Could you transcribe all the entries exactly, omitting the pictures?

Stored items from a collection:
──────────
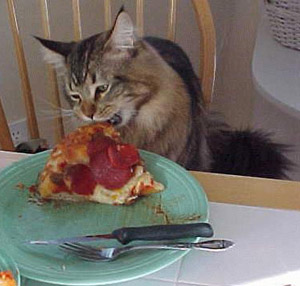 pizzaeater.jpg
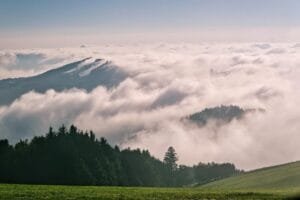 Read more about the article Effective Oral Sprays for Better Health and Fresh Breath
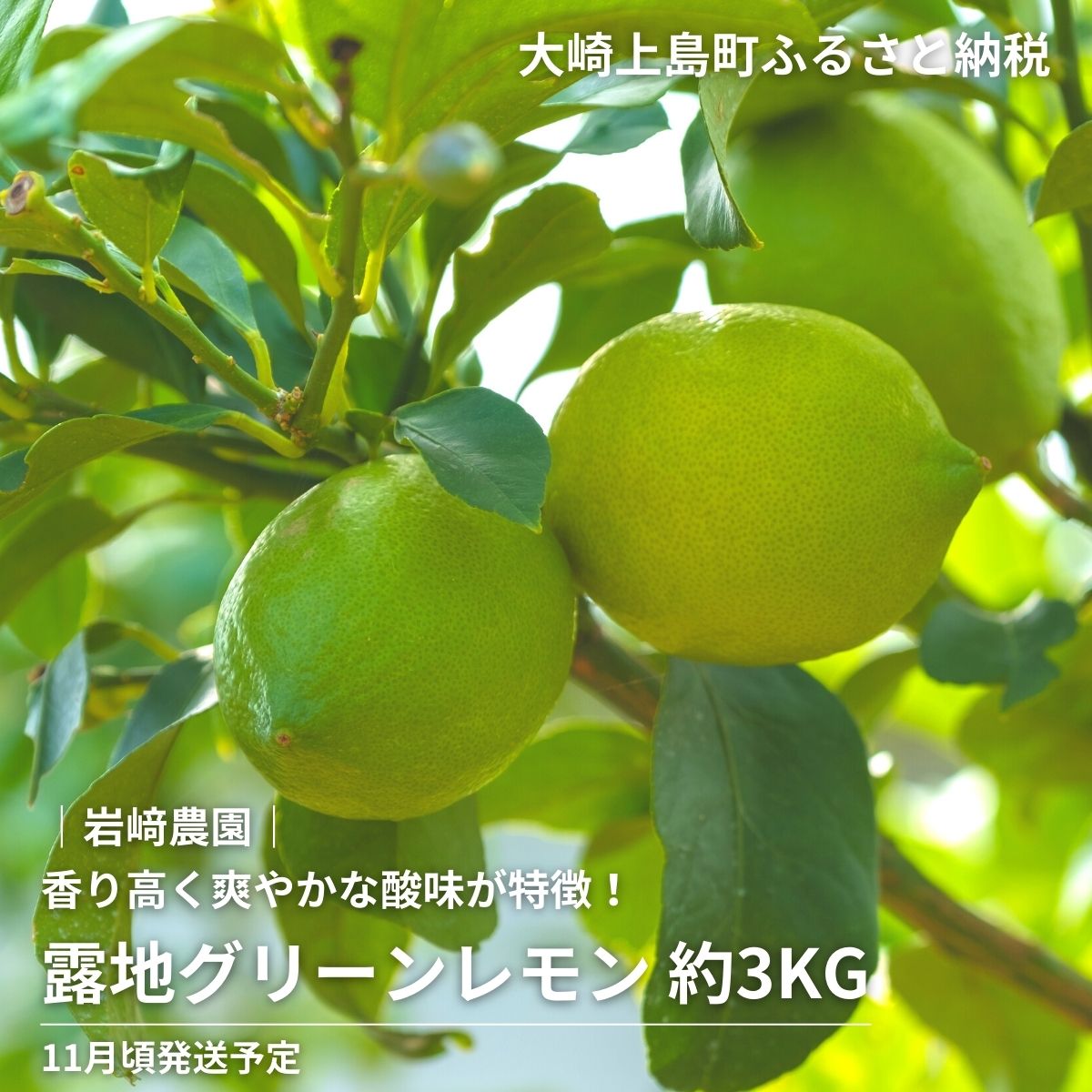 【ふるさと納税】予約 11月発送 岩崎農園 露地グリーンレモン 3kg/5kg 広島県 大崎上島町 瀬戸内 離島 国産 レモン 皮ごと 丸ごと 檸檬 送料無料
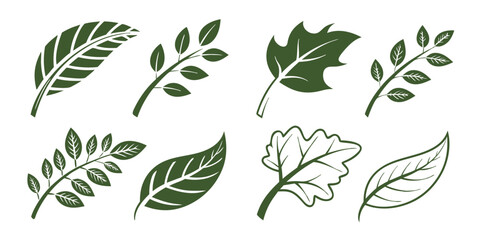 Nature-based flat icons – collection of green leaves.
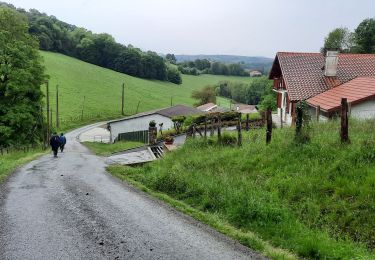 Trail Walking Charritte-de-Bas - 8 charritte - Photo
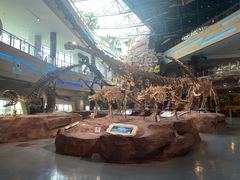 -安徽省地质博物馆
──────────
ANSWER FOR THIS EXERCISE:
 pizzaeater.jpg
 Read more about the article Effective Oral Sprays for Better Health and Fresh Breath
 【ふるさと納税】予約 11月発送 岩崎農園 露地グリーンレモン 3kg/5kg 広島県 大崎上島町 瀬戸内 離島 国産 レモン 皮ごと 丸ごと 檸檬 送料無料
 Nature-based flat icons – collection of green leaves.
 Trail Walking Charritte-de-Bas - 8 charritte - Photo
 -安徽省地质博物馆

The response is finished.